====== Provided information
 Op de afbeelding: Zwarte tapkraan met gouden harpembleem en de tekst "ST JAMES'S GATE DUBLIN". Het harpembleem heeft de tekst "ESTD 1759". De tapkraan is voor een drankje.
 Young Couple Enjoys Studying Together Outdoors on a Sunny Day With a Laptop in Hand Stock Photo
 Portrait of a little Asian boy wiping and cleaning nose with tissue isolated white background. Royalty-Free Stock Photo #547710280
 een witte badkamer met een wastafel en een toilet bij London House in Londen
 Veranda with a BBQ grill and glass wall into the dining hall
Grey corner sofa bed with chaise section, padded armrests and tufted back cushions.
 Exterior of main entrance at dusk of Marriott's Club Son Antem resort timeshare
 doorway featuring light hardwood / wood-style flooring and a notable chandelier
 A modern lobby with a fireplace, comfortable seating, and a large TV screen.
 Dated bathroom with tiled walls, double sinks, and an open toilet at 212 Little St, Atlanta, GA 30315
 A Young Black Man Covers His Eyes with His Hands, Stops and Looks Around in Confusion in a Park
============
====== Provided information
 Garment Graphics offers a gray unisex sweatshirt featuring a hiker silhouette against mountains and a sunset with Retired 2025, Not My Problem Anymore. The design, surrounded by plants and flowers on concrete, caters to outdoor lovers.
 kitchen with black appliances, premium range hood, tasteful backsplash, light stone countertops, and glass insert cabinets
============
**Your objective**:
Which lines in the data above hold the string "light"? Show each one.

**Problem solution**:
 doorway featuring light hardwood / wood-style flooring and a notable chandelier
 kitchen with black appliances, premium range hood, tasteful backsplash, light stone countertops, and glass insert cabinets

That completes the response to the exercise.